Le basi della filiera criminale scoperta dai carabinieri della sezione di polizia giudiziaria della Procura di Roma e dei carabinieri forestali di Roma, Rieti e Latina, erano i campi rom de La Barbuta, nei pressi dell’aeroporto di Ciampino, e di via Salviati, in zona Tor Sapienza. È qui che i nomadi, anche con l’aiuto di bambini e ragazzi minorenni, selezionavano, separavano e assemblavano i rifiuti raccolti nei cassonetti, oppure recuperati porta a porta, in abitazioni e attività commerciali. Alle società di recupero veniva poi venduta la parte di valore, ovvero ferro, rame, bronzo, ottone, che venivano fatti recapitare al mittente con tanto di documenti falsi grazie ai quali aggirare i controlli. Non solo.
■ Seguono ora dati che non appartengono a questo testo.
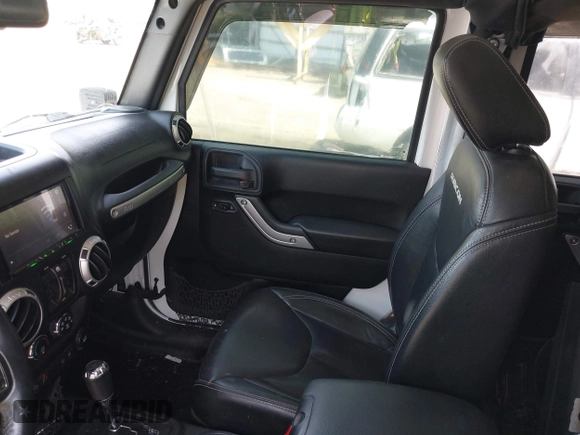 2015 Jeep Wrangler Unlimited Rubicon z VIN 1C4BJWFGXFL755810, wystawiony jako IAAI lot #42495531 z przebiegiem 109 668 mil mil oraz . Historia ofert i sprzedaży dostępna na DreamBid. Obrazek 5.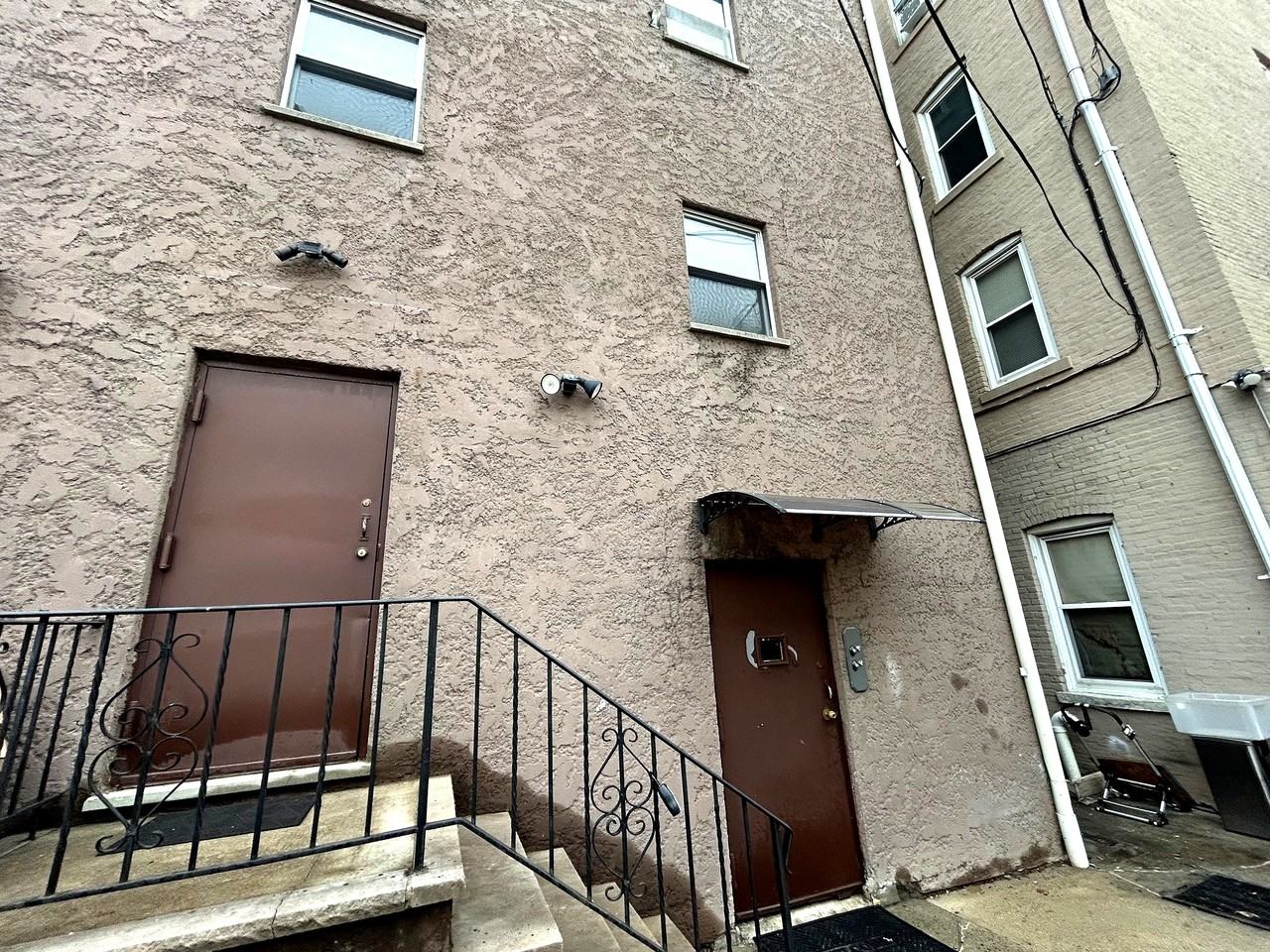 239 Harrison Ave - Photo 5 of 10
Nel business rientravano anche i materiali ricavati dalla demolizione di auto di lusso, smontate e rivendute in pezzi dai nomadi, in accordo con i proprietari che denunciavano poi il furto solo quando l’auto era stata completamente smembrata.
Il guadagno, per gli imprenditori, stava in una percentuale maggiore di profitto, derivata dal risparmio sulle spese di recupero e smaltimento delle componenti “indesiderate”. A pagare il prezzo più alto, come al solito, erano invece i cittadini, visto che gli scarti accumulati venivano puntualmente dati alle fiamme dai nomadi per fare spazio alla nuova mercanzia. E oltre il danno, c’è anche la beffa, visto che uno dei fortini degli arrestati era tra gli osservati speciali del Campidoglio. La maggior parte degli affari, infatti, si facevano a La Barbuta, uno dei villaggi della solidarietà per i quali il Comune ha messo a disposizione fondi da assegnare ai nomadi per spronarli ad affittare casa e cercare un lavoro, così da riuscire a chiudere l’insediamento entro il 2020. Un traguardo che, alla luce degli ultimi fatti di cronaca, appare utopico.
A finire in manette sono state quindici persone, mentre sono 57 i nomi degli indagati che compaiono nelle carte della Procura. Tutti sono ritenuti responsabili, a vario titolo, di “traffico illecito di rifiuti, associazione per delinquere finalizzata alla ricettazione di veicoli, truffa in danno delle assicurazioni, simulazione di reato, favoreggiamento personale”. Ma gli arresti sembrano non aver fermato il business visto che i roghi continuano a divampare nei diversi insediamenti, più o meno regolari, che sono sparsi ormai in ogni quadrante della Capitale. Secondo il Messaggero, soltanto nel VI municipio, alla periferia Est di Roma, le discariche gestite dai rom con tanto di inceneritori fai-da-te sarebbero almeno quindici.